TASK BRIEF:
In the records below, find the line containing "Luxury home with" and the line containing "Classical stone columns". Give again exactly those lines and every line between them, omitting the pictures.

AVAILABLE RECORDS:
····················

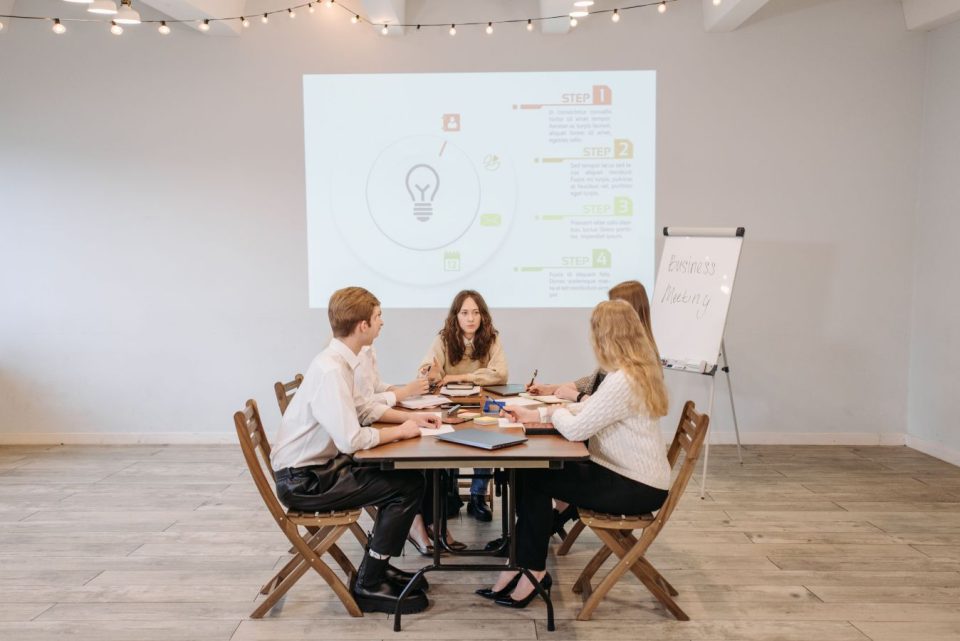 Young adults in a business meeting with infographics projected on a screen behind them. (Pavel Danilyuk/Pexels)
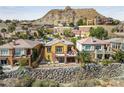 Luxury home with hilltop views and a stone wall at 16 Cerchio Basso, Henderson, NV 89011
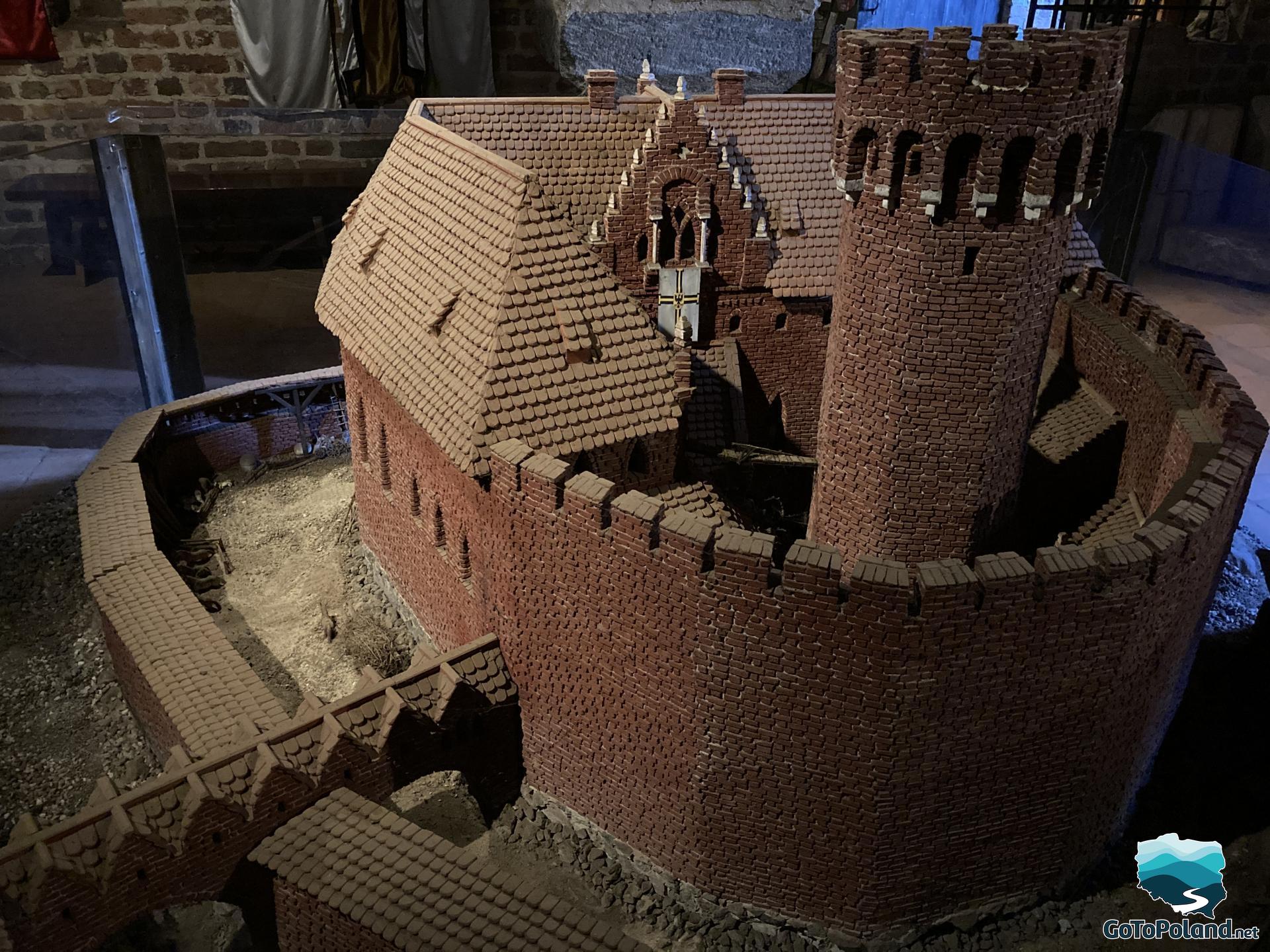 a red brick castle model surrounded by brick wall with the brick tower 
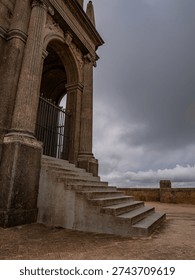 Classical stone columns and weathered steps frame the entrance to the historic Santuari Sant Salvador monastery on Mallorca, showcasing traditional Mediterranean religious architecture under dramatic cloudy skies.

····················

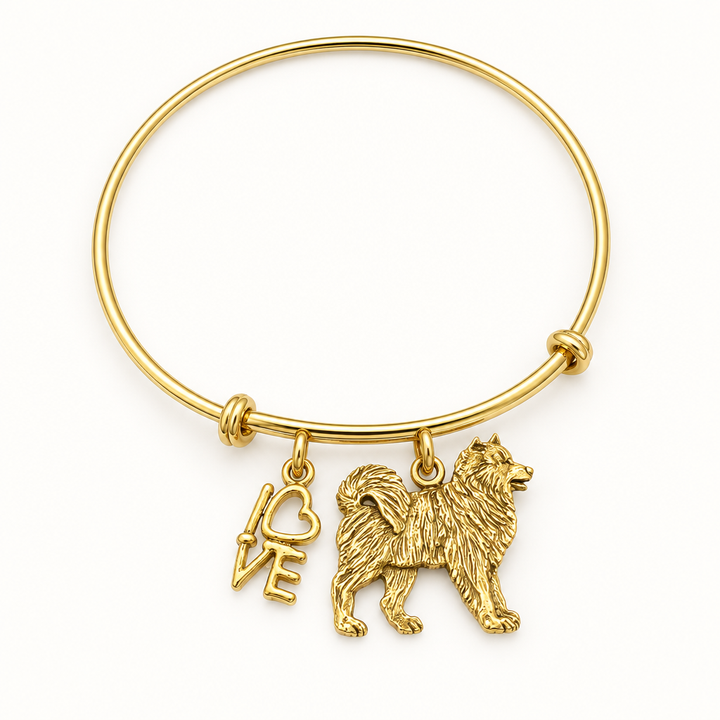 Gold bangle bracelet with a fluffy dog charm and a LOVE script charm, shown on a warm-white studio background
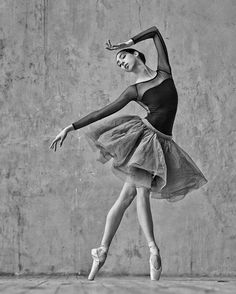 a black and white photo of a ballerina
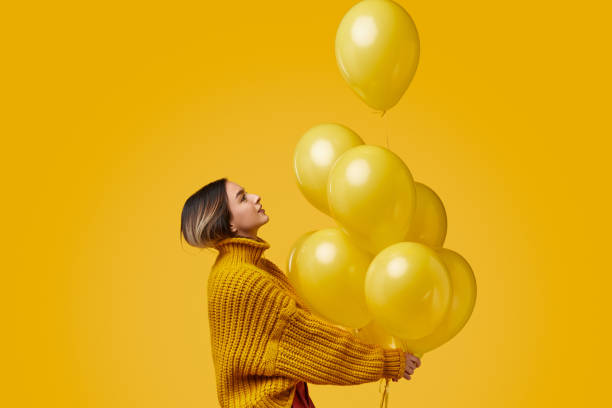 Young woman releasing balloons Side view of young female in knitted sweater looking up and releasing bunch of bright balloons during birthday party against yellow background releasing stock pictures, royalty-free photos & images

····················

EXPECTED ANSWER:
 Luxury home with hilltop views and a stone wall at 16 Cerchio Basso, Henderson, NV 89011
 a red brick castle model surrounded by brick wall with the brick tower 
 Classical stone columns and weathered steps frame the entrance to the historic Santuari Sant Salvador monastery on Mallorca, showcasing traditional Mediterranean religious architecture under dramatic cloudy skies.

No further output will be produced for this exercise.